### [Material provided]
- - -
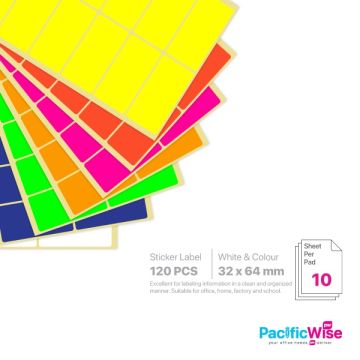 Rectangle Sticker Label/Label Pelekat Segi Empat/Sticker Label/32mm x 64mm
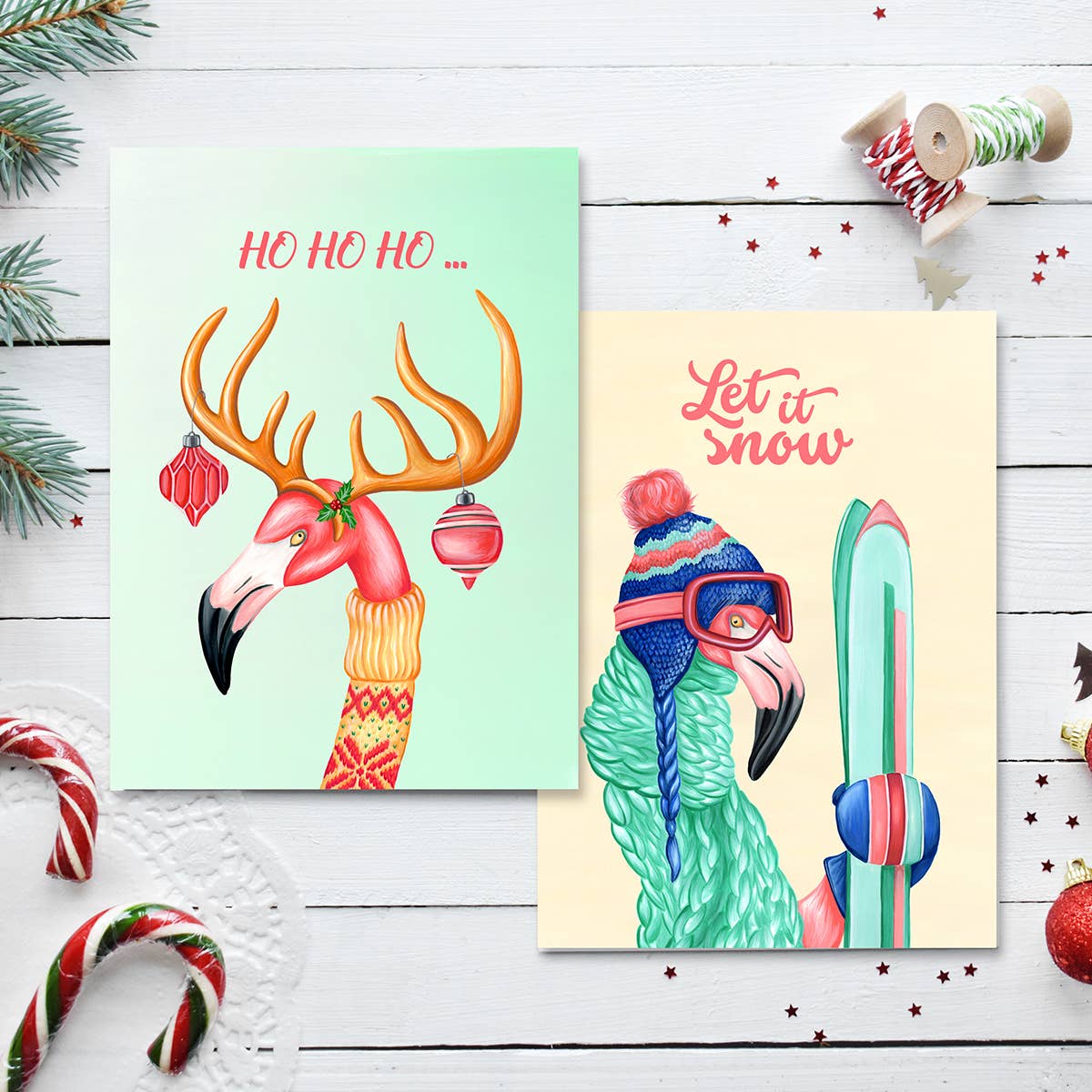 Sardines Studio - Wholesale Christmas Card - Flamingo skier Greeting Card3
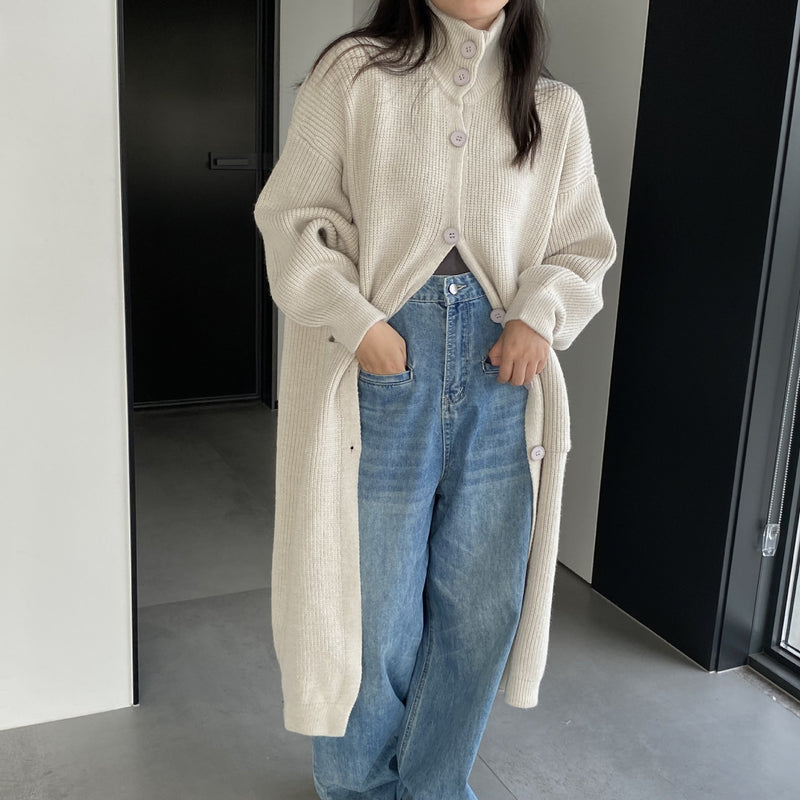 Women Cardigan Sweater Autumn Turtleneck Sweater Long Cardigan Coat Loose Button Woolen Skirt A2215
- - -
### [Problem description]
What is needed is the whole listing again, set down exactly, without its pictures.

### [Exercise solution]
 Rectangle Sticker Label/Label Pelekat Segi Empat/Sticker Label/32mm x 64mm
 Sardines Studio - Wholesale Christmas Card - Flamingo skier Greeting Card3
 Women Cardigan Sweater Autumn Turtleneck Sweater Long Cardigan Coat Loose Button Woolen Skirt A2215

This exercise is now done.